Gewalt ohne konstruktives Ziel

Der Thrillerspezialist Ric Roman Waugh hat beim dritten Teil der „Has fallen“-Filmreihe Regie geführt, in der Gerard Butler als Hauptdarsteller und Co-Produzent Präsidenten, Städte und überhaupt die Welt rettet. „Kandahar“ ist dazu ein Gegenentwurf und als Thriller keineswegs perfekt. Im Plot klaffen logische Lücken. Die Kriegsaction – rennen, schlagen, schießen, Motorrad fahren, Hubschrauber vom Himmel holen – durchbricht gefühliger Emotionskitsch: Die Familie ist alles, und auch harte Männer hadern damit, wenn sie diese Erkenntnis überhaupt nicht beherzigen.

All das überstrahlt eine spektakuläre Metaebene – „Kandahar“ beleuchtet eine Mechanik der Gewalt, die weltweit großes Unheil anrichtet. Bis aufs Blut und mit allen Mitteln bekriegen sich iranische, afghanische, pakistanische, tadschikische, amerikanische und britische Männer – dabei wissen sie alle, dass ihr blutiges Tun kein konstruktives Ergebnis zeitigen wird, keinerlei Lösung. All die barbarische Brutalität vor wüster Kulisse in maroden Ländern dreht sich allein darum, im Ringen um Einfluss die Oberhand zu behalten.
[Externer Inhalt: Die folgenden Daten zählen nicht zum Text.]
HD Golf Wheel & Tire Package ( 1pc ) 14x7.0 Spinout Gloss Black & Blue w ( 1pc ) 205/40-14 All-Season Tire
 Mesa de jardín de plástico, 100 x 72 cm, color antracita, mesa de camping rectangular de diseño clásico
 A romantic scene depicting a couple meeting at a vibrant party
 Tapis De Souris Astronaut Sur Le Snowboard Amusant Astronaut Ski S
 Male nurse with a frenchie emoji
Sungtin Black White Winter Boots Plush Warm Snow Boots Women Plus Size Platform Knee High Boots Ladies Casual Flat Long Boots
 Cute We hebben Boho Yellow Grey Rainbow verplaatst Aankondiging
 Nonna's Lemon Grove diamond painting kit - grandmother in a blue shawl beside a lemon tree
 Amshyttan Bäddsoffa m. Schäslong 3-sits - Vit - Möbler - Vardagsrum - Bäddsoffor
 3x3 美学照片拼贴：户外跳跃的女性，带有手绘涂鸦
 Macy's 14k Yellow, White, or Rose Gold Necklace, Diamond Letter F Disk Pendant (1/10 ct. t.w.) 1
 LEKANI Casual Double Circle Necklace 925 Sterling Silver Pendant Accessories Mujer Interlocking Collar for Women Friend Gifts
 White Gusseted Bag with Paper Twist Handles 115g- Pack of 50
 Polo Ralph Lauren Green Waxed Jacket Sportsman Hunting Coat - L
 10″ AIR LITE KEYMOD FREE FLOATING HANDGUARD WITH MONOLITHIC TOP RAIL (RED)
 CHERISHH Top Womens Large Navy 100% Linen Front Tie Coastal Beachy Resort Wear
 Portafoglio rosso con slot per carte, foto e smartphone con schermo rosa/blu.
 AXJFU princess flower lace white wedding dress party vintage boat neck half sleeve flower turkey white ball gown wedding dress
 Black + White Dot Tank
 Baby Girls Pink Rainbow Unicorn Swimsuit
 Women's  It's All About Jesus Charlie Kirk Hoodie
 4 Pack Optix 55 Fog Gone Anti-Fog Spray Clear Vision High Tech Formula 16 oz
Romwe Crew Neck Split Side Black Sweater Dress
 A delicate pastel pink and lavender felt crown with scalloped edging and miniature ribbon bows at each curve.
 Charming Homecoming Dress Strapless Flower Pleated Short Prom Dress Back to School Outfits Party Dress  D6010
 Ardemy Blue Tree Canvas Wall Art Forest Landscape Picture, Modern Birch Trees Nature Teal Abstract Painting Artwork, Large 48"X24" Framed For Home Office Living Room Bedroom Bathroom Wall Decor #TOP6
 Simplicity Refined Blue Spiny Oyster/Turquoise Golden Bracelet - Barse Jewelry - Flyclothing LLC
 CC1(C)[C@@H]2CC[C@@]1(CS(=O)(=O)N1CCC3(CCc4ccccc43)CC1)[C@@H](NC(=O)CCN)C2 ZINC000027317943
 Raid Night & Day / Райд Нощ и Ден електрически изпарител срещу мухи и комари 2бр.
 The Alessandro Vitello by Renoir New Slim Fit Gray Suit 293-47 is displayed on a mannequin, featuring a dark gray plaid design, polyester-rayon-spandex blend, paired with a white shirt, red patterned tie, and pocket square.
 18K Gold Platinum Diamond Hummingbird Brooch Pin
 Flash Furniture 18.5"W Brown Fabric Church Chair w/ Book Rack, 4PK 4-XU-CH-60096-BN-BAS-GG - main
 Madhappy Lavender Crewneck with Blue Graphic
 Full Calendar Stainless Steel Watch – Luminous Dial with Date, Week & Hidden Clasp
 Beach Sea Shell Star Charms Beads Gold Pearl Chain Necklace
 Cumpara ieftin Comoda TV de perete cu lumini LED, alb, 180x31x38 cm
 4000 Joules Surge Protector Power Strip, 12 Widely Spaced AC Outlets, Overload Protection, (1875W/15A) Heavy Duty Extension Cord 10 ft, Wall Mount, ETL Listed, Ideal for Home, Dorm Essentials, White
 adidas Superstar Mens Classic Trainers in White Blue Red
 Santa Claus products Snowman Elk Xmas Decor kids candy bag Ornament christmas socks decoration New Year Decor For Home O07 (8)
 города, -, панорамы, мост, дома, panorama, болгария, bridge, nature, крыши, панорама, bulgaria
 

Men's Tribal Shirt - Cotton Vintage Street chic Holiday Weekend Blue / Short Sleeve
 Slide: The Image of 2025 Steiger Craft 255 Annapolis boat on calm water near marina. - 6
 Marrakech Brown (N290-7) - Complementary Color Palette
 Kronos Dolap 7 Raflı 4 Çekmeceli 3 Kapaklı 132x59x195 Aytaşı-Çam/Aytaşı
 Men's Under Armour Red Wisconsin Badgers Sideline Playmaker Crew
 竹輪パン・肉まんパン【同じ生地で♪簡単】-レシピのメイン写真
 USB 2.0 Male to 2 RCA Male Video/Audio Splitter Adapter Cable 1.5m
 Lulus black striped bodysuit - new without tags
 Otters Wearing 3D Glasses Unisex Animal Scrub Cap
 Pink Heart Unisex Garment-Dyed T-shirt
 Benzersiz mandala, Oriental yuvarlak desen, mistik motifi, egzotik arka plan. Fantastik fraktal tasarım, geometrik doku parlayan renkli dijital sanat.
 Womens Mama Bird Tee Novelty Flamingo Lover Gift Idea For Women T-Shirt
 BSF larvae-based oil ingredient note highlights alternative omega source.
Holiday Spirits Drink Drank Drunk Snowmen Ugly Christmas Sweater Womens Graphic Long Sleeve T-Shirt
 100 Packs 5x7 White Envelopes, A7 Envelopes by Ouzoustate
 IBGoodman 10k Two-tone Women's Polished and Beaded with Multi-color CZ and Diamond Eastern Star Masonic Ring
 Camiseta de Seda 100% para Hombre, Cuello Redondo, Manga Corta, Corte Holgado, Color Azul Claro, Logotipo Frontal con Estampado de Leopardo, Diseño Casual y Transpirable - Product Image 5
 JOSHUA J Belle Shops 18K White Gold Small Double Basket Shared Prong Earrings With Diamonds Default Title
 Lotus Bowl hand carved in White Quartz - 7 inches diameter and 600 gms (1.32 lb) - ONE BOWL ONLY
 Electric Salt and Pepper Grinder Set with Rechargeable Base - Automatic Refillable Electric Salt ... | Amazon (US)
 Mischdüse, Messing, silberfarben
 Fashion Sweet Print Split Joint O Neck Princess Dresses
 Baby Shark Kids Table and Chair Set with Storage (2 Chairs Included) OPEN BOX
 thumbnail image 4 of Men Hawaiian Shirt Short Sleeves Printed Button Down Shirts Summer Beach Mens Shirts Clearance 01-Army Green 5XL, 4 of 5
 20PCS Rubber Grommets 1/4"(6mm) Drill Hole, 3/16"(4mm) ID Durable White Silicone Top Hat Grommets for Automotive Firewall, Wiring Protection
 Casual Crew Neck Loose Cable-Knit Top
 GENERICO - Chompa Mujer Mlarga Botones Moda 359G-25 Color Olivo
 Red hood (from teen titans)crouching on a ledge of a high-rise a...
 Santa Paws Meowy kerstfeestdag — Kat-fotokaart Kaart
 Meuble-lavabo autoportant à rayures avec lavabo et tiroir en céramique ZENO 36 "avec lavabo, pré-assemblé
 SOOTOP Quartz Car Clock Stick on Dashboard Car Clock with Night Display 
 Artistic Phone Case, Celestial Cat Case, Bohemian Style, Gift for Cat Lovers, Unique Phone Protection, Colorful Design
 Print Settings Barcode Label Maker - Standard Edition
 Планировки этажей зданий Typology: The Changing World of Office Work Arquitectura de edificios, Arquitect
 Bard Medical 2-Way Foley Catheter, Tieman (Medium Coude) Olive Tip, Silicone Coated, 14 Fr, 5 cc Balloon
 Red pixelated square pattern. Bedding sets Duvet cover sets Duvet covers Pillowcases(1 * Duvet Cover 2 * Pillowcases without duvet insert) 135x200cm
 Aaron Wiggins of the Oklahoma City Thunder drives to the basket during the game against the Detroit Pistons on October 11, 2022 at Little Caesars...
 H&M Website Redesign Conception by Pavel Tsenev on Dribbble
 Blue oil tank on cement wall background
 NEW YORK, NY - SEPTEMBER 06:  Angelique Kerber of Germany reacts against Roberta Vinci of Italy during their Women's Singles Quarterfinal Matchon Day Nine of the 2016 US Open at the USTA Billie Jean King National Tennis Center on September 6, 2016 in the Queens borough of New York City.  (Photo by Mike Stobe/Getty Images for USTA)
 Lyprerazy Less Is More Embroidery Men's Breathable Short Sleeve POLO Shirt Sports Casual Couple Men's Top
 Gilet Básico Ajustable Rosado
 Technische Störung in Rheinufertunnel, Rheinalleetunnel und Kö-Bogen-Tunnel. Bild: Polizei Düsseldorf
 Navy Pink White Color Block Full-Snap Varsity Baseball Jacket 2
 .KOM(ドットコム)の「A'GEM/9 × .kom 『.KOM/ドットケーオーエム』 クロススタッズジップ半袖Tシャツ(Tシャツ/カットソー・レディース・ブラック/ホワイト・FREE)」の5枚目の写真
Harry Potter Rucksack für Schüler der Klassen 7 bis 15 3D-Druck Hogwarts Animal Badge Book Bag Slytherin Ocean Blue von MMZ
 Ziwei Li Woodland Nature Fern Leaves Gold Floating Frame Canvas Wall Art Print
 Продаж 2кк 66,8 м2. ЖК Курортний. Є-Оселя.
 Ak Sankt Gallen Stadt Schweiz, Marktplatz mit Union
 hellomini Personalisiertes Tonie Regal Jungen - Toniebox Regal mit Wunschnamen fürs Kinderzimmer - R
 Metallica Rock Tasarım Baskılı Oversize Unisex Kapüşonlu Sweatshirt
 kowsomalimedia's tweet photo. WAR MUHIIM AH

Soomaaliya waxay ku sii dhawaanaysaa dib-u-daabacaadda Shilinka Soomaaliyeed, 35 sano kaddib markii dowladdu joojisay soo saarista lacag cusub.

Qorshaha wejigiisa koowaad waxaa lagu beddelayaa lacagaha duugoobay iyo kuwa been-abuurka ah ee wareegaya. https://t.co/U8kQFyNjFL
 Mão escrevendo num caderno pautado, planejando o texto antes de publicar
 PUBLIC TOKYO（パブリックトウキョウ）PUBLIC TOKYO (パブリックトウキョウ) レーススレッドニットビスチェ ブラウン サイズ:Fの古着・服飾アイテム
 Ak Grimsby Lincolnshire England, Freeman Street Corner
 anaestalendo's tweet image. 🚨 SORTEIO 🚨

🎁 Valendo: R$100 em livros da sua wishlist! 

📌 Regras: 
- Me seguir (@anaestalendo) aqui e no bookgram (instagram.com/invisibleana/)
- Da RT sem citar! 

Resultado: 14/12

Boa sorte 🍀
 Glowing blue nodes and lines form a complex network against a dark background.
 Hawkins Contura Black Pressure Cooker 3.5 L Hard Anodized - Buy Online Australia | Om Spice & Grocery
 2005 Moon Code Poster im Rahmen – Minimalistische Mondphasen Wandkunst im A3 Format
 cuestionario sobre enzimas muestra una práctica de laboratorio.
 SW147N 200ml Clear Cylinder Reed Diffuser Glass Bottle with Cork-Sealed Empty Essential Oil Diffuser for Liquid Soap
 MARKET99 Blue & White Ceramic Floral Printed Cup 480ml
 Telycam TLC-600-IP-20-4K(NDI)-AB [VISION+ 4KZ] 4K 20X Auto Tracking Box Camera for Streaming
Hochbegabte tricksen und täuschen

Dafür verschwenden diese Kerle Unmengen an Ressourcen, was ja nicht ungewöhnlich ist. Der destruktive Ukraine-Krieg findet ja nur statt, weil ein Diktator in Großmachtfantasien des 19. Jahrhunderts festhängt. Selten aber sieht man den Irrsinn so ungeschminkt aus der Nähe, personifiziert in intelligenten Charakteren, die im zivilen Leben viel Positives bewirken könnten. Über eine schnelle Auffassungsgabe und Überblick verfügen sie alle, Harris zudem über technische Fertigkeiten. Der CIA-Drahtzieher Roman Chalmer (Travis Fimmel) ist ein hochbegabter, vor Ideen sprühender Tausendsassa, der mit seinem Potenzial kaum mehr anfängt, als zu tricksen und zu täuschen.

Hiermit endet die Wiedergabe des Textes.